Pretty much. It is like renting your garage to the person trying to steal your job. On the one hand, OpenAI becomes a major new client for Google Cloud. On the other hand, OpenAI’s products directly challenge Google’s most important business: Search.

That is the tension here. This partnership could mean big money for Google Cloud (which, by the way, just hit $13.6 billion in revenue this quarter, up from $10.3 billion last year). But it also means Google might be accelerating the very AI revolution that could eat its lunch.

This is not Google’s first rodeo with AI lab partnerships either. It is already hosting big names like Anthropic, World Labs (run by AI pioneer Fei-Fei Li), and Safe Superintelligence (from OpenAI co-founder Ilya Sutskever). If you are building bleeding-edge AI and need a lot of GPU firepower, Google Cloud has a “come on in” sign hanging out front.

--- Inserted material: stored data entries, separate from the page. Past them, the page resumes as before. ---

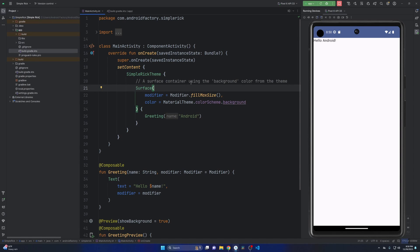Hello everybody and welcome back. My name is Dominic. I'm the host of the Android Factory. This video marks the beginning of a new season where we're going to revisit a very popular API that we worked with on the channel before, and talk a little bit about modularization and build out a multi-module project.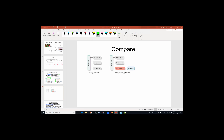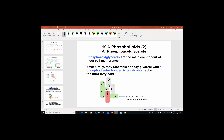Comparing a triacylglycerol to a phosphoacylglycerol, the difference is in the third attachment. A phosphoacylglycerol has a phosphate group — PO4 with a minus three charge — with phosphorus at the center, leading out to an alcohol. This phosphate linkage is what makes them different. Phosphoacylglycerols are the major component of most cell membranes — that's likely where we've heard them most often.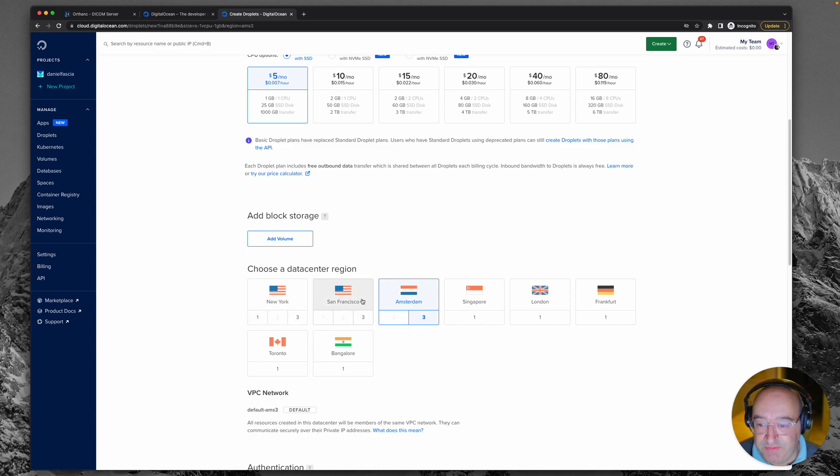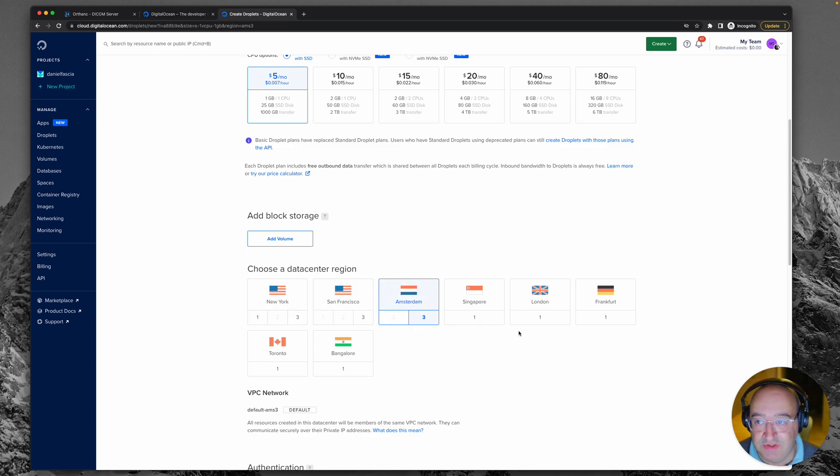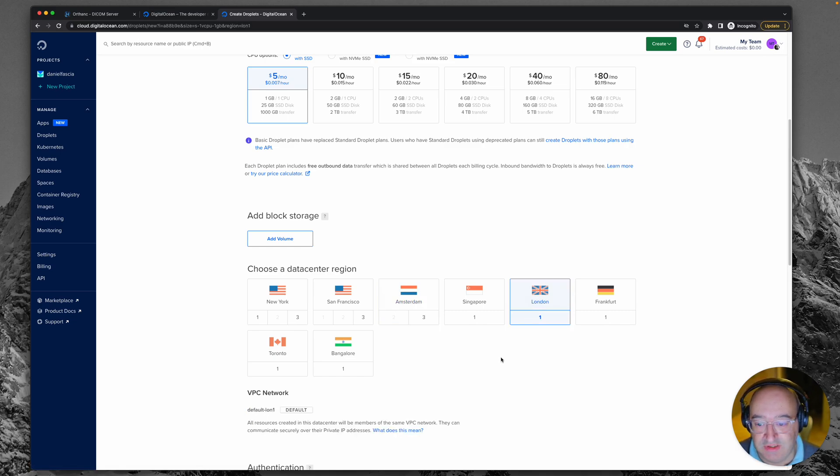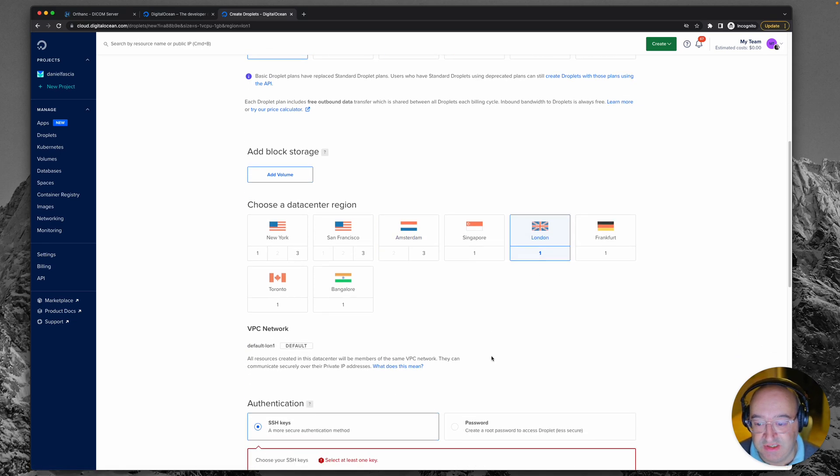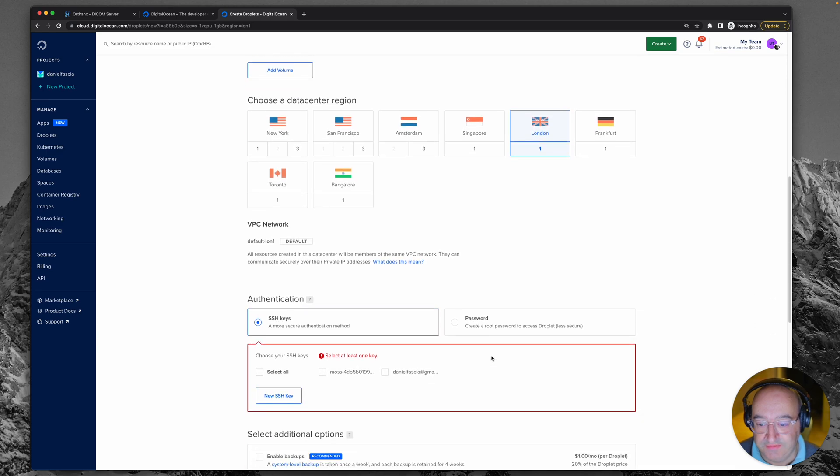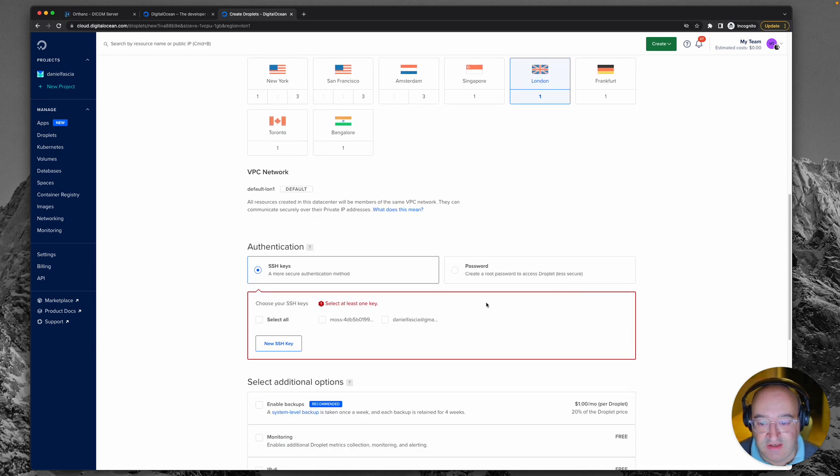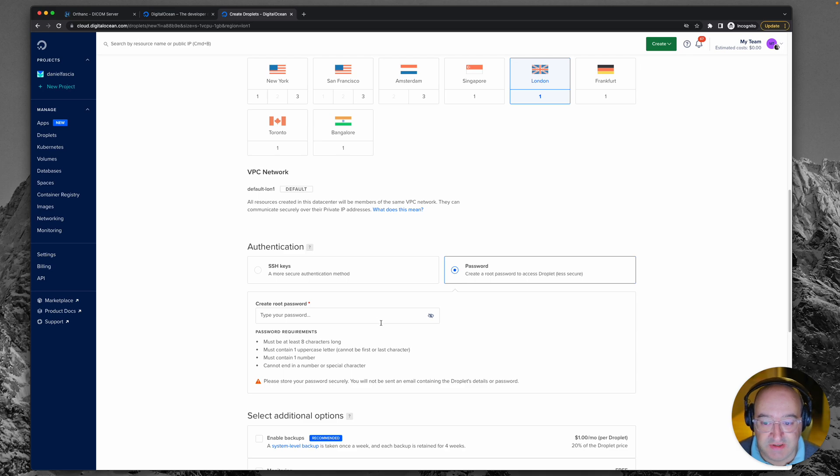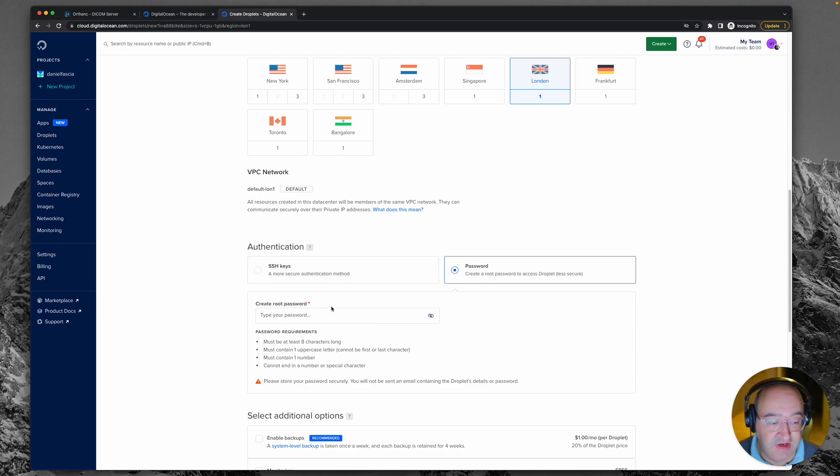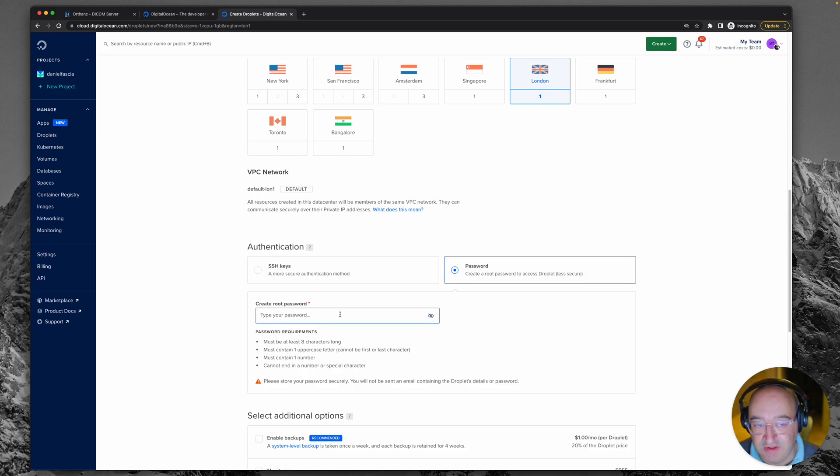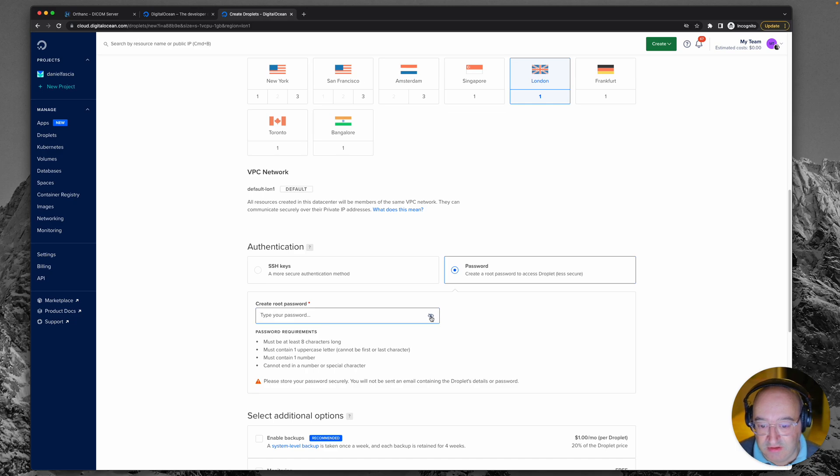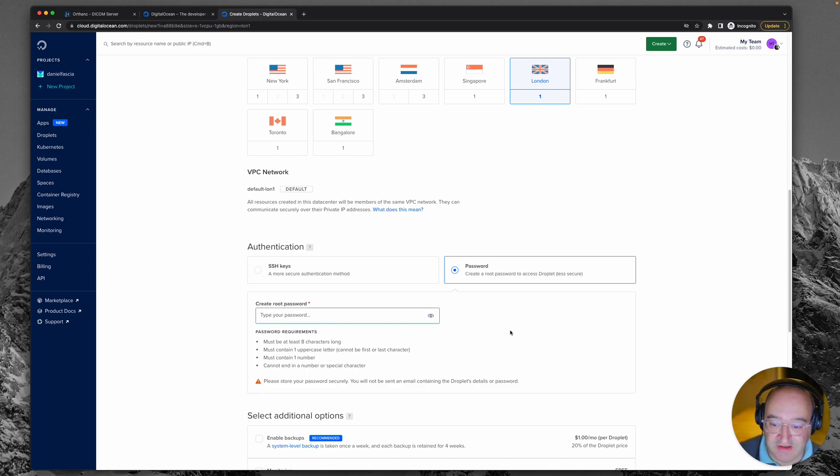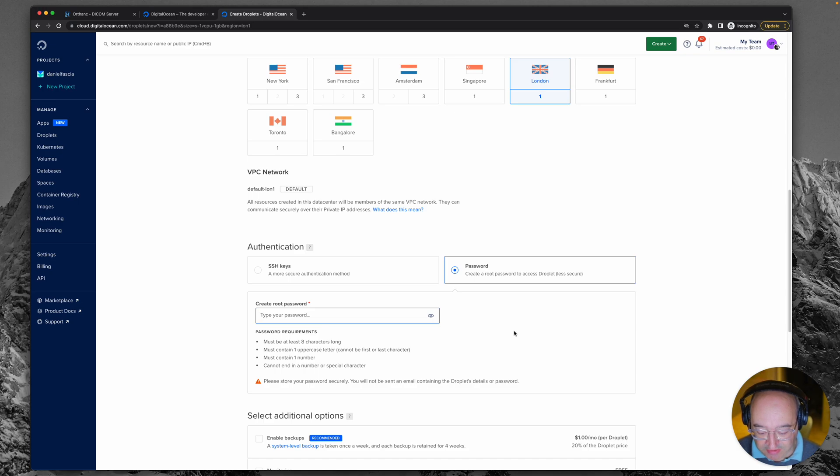When you pick your data center region, generally you want to go for something which is close to you, so I'm going to go for this one in London because I'm in the UK. I'm going to choose a root password although it is much better practice to use SSH keys. If you don't know what they are then just stick with the password and pick a nice secure one. I will not pick one that's that secure for the purposes of this tutorial but something I can remember easily.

Related: Why Google Is Fighting India in Court Over Apps and Money

On the home front, Pichai shared that Gemini, Google’s flagship chatbot, now has 450 million monthly active users, while AI Overviews, those chatbot-like answers at the top of Search, are reaching 2 billion users a month. Not too shabby.

But how those numbers translate into dollars (or affect core search traffic) is still fuzzy. For now, it seems Google is both building its own AI empire and renting out its infrastructure to anyone else trying to do the same.

The whole situation is giving major déjà vu. Flashback to the early 2000s, when a tiny Google got a boost from Yahoo, only to eventually steamroll it. Could OpenAI be the Google in this equation now? And if so, is Sundar Pichai playing the role of the overly generous Yahoo?

Time will tell. But if nothing else, this partnership is proof that in tech, “frenemy” is a business model. Google just handed OpenAI the keys to its cloud empire, even as it tries to beat them at the AI game. Is this strategic genius or just history repeating itself with a glossier UI and more GPUs? Because if you rent your enemy the rocket fuel… do not be surprised when they shoot past you.